O texto da jornalista e comentarista esportiva Soninha segue também analisando as pressões sofridas pelo técnico (e muitas vezes esquecida por parte dos outros 170 milhões): "E eis que Parreira entrou para a história como um estrategista, consciente e organizador", escreve referindo-se ao tetracampeonato que o técnico ajudou o Brasil a ganhar. E completa lembrando o pênalti que o italiano Roberto Baggio perdeu: "Mas se aquela bola entrasse... o Parreira nunca seria perdoado por não ter colocado o Viola antes. Simples?", provoca.
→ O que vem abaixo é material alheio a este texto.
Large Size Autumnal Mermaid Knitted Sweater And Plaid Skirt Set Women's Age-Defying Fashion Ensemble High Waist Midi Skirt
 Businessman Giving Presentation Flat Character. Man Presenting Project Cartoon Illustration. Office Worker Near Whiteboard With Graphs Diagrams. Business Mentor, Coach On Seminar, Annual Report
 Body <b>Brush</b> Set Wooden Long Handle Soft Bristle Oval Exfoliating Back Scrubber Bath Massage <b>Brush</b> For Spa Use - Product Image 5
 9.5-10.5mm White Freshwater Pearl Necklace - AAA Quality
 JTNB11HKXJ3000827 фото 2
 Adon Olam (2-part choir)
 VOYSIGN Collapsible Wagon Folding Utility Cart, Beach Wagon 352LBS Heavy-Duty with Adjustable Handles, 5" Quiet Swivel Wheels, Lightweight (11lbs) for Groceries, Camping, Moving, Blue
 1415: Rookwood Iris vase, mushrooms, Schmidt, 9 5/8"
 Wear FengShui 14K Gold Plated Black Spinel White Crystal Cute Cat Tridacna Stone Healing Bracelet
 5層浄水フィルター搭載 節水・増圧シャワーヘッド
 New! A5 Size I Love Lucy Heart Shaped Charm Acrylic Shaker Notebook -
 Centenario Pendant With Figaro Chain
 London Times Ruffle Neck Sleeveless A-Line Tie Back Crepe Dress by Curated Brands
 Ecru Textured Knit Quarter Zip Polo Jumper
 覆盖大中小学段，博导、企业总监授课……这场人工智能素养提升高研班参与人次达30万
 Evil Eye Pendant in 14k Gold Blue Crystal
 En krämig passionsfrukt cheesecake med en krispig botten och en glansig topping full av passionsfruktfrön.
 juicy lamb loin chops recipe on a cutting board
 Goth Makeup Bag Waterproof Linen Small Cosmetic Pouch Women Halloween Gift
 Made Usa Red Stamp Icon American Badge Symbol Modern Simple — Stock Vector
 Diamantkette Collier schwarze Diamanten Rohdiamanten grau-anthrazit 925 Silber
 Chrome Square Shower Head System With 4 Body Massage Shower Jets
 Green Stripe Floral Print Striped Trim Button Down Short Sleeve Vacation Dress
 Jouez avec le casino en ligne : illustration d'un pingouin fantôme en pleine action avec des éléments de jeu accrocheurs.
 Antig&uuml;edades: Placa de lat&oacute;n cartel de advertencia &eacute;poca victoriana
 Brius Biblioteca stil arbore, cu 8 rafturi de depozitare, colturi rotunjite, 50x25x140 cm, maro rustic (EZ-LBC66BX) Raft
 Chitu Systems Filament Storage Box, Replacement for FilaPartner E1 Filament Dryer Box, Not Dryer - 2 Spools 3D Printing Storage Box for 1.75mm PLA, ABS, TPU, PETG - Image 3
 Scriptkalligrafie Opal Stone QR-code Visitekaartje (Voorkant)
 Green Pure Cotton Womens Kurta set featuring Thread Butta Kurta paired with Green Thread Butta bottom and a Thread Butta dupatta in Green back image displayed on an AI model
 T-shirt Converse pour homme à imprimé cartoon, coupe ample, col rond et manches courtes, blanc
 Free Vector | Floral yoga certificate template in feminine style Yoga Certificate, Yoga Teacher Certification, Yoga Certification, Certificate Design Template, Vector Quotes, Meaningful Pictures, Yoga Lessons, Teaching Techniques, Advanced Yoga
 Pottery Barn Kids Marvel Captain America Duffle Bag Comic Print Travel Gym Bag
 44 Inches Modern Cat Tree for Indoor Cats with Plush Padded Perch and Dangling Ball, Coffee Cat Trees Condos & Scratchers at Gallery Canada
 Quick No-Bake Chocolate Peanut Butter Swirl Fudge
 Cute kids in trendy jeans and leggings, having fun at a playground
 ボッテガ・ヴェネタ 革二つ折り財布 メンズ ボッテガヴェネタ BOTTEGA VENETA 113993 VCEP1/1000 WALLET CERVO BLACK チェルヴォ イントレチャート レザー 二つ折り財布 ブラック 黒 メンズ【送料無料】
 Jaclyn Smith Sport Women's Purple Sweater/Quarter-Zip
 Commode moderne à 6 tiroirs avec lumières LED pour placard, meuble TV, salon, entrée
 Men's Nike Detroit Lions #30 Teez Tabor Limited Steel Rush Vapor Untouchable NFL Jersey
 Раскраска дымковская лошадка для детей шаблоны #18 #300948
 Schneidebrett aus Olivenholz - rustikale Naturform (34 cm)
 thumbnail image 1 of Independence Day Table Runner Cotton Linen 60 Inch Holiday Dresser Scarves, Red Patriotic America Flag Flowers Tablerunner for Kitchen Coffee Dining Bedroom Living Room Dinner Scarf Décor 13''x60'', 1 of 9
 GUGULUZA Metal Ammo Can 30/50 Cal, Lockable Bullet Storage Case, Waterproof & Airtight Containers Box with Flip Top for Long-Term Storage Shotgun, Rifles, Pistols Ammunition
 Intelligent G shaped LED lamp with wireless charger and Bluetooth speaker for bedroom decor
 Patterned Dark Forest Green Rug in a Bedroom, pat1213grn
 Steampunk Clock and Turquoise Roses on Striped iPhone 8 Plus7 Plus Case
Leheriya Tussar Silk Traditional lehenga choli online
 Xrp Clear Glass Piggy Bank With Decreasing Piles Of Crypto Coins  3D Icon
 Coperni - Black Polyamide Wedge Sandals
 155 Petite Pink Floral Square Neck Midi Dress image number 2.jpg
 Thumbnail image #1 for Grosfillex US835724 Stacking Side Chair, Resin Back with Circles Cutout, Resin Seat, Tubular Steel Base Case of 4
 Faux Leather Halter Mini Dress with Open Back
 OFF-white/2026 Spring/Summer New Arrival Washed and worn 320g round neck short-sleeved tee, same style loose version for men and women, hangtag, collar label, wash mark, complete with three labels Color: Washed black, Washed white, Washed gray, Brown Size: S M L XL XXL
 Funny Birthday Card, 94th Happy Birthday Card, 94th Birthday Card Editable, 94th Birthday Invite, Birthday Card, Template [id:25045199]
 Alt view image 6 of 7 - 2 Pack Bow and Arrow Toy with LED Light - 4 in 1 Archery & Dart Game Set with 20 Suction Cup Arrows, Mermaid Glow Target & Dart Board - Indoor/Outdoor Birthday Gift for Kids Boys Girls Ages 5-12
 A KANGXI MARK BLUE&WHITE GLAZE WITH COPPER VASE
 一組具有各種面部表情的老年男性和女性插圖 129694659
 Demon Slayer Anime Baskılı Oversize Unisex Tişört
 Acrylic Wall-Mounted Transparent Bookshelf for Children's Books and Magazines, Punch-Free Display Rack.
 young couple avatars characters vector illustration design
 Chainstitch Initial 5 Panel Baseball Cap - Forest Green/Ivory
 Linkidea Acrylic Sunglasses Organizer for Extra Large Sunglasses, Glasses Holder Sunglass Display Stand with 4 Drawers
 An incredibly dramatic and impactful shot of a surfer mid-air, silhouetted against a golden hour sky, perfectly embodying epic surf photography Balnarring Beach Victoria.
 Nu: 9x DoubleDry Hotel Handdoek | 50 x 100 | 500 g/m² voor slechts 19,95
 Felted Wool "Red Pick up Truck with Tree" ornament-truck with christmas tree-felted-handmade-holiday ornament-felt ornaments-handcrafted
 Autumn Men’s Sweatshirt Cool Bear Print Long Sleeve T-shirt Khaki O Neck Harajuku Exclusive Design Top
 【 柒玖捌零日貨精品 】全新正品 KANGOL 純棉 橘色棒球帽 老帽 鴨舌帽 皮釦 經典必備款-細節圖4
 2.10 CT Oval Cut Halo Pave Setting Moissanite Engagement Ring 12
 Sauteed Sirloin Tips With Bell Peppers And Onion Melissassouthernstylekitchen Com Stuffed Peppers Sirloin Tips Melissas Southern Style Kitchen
Entre os analistas, há os mais radicais, como Kfouri: "Um técnico tem de ser contratado sob condições bem claras: 'Você vai trabalhar com esse grupo, essas são as pessoas, seu salário é tanto e estamos combinados'. Em caso contrário é o que estamos vendo: poder demais e resultado de menos"; e Ugo Georgetti: "Não tolero técnicos, que passam por competentes e, ao que tudo indica, parecem apenas mandar seus 'brucutus' caçarem os jogadores de maior talento!". Mas há aqueles que enxergam a graça de toda a pantomima, a exemplo dos chargistas, como Cacá Rosset: "Devo dizer que os técnicos têm assumido ares de grandes estrelas e também de garotos-propaganda. Têm gestos estudados, fazem poses aristocráticas e regem o seu time como um metteur-en-scène (algo como diretor de cena) da Ópera de Paris".

Mês do Futebol
Um pouco de Copa do Mundo no Sesc Ipiranga

De 28 de maio a 30 de junho, o Sesc Ipiranga apresenta a exposição Técnicos: Deuses e Diabos da Terra do Futebol, uma mostra que traz desenhos de 34 cartunistas retratando com muito bom humor a figura do grande alvo de polêmicas em época de Copa do Mundo: o técnico. Com curadoria dos cartunistas Gualberto Costa (Gual) e Jal, o evento reúne caricaturas em tamanho natural distribuídas pelos espaços de toda a unidade, além de charges e cartuns na área de convivência. Durante a abertura da exposição ocorreu também o lançamento do livro homônimo que traz, além dos desenhos encontrados na exposição, textos escritos por diversas personalidades que analisam, cada um a seu modo, os técnicos que fizeram história. Entre os autores, escolhidos pelo sociólogo Luís Octávio de Lima Camargo, aparecem nomes como Roberto DaMatta, Ruy Castro, Juca Kfouri e Soninha. O projeto ainda inclui a realização de um torneio de futebol de botão cujo vencedor leva o troféu Neném Prancha, em homenagem ao folclórico treinador do Botafogo nos anos 50.